Hofmann's work often explores male desire, and relationship to the body. Comparisons drawn between his work and that of the late French autofiction writer and photographer Hervé Guibert, led Hofmann to write more "intensely, in a way which was more vulgar". He also frequently includes classical themes and images in his poetry.

In 2015 Hofmann published his first collection of poems, titled Second Empire, which was awarded the 2014 Alice James Award, then known as the Beatrice Hawley Award, by Alice James Books and became critically acclaimed. That year he also co-founded Lightbox Poetry, an online educational resource for creative writing, with fellow poet Kara van de Graaf.

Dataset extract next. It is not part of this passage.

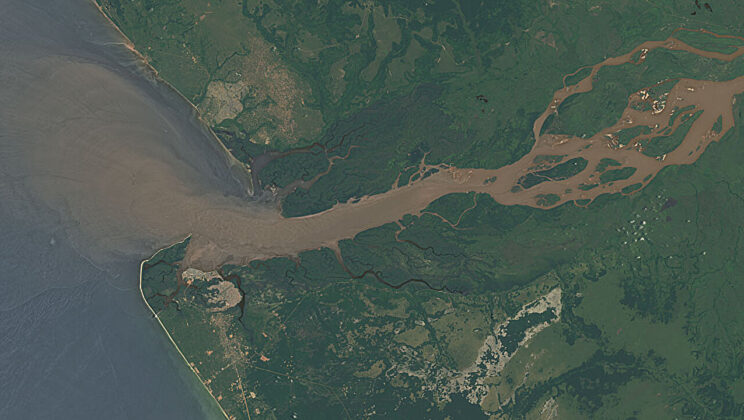 Scientists Discover Giant Rotating Ocean Eddies Can Trap Congo River Freshwater and Carry It 200 Kilometers Into the Atlantic Instead of Letting It Slowly Spread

One of his most widely known poems is "Book of Statues", about the hate crime murder of Matthew Shepard on October 12, 1998. The poem was first published by the Academy of American Poets Poem-a Day on October 12, 2016. On the twentieth remembrance of Matthew Shepard's murder in 2018, The New York Times featured his poem with a reading by actor Matt Bomer.

Hofmann published his second poetry collection A Hundred Lovers in 2022 with Random House. The book was featured in the list of top "46 Must-Read Books by Queer Writers" in Esquire Magazine.

In 2026 Hofmann published his third collection, titled The Bronze Arms , a queer coming-of-age poetry book that draws on his childhood near-drowning in Crete and imagery from classical antiquity to explore themes of desire, vulnerability, and survival.

==Awards==
Hofmann has been the beneficiary of several fellowships, including the Ruth Lilly Fellowship from the Poetry Foundation and the Stegner Fellowship from Stanford University.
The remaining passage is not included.